_Activity_
The answer is the data repeated in full, with no pictures included.

_Given material_
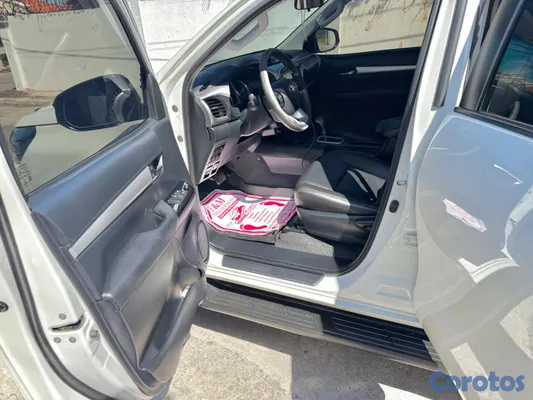 jeepetas y camionetas - Toyota Hilux 2022 2.4  14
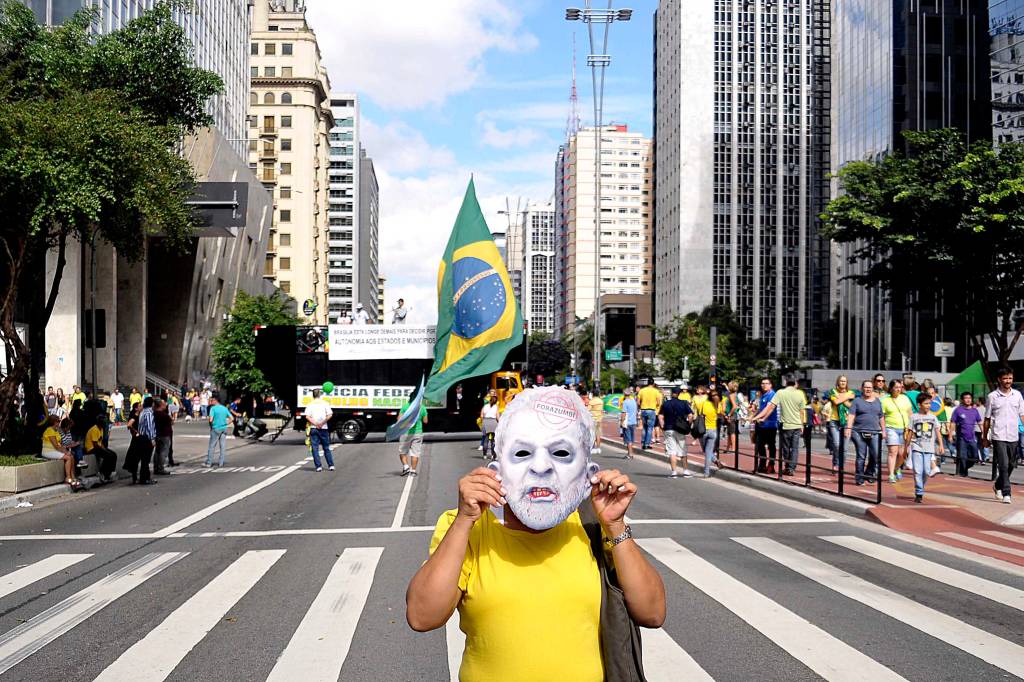 Na Avenida Paulista, manifesta&ccedil;&atilde;o organizada pelos movimentos sociais MBL (Movimento Brasil Livre) e "Vem Pra Rua", que tamb&eacute;m aconteceu em outras cidades do Brasil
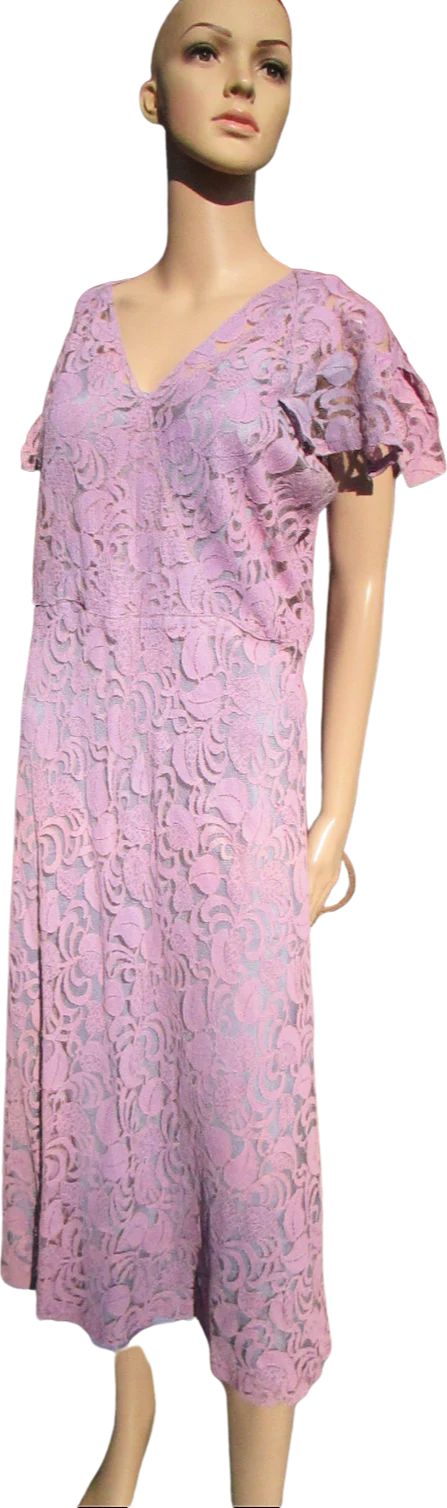 20s/30s Lavender Lace Gown With Back And Sleeve Detail - Image 4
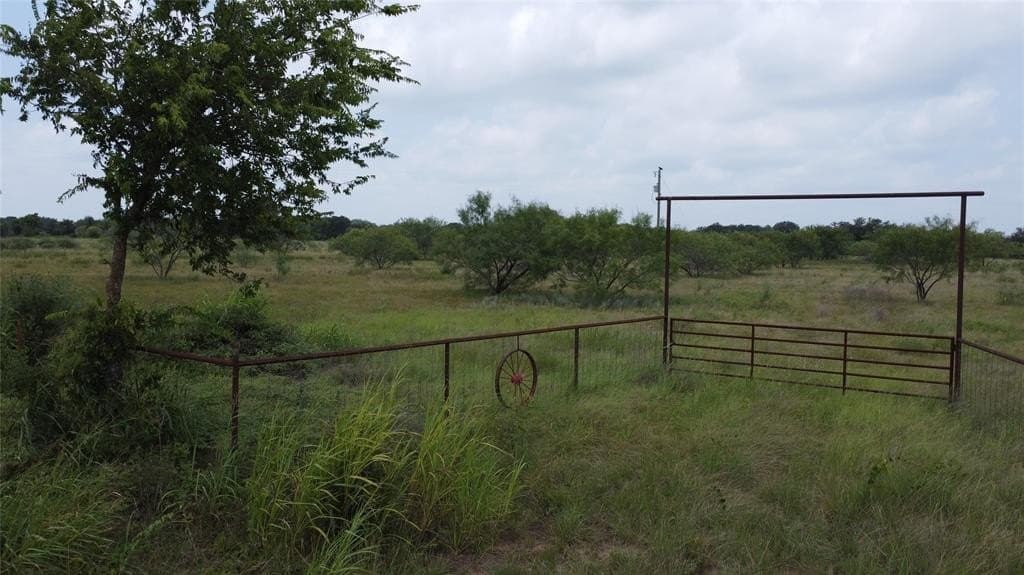 10.5 acres in Erath County gallery image 2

_Response area_
 jeepetas y camionetas - Toyota Hilux 2022 2.4  14
 Na Avenida Paulista, manifesta&ccedil;&atilde;o organizada pelos movimentos sociais MBL (Movimento Brasil Livre) e "Vem Pra Rua", que tamb&eacute;m aconteceu em outras cidades do Brasil
 20s/30s Lavender Lace Gown With Back And Sleeve Detail - Image 4
 10.5 acres in Erath County gallery image 2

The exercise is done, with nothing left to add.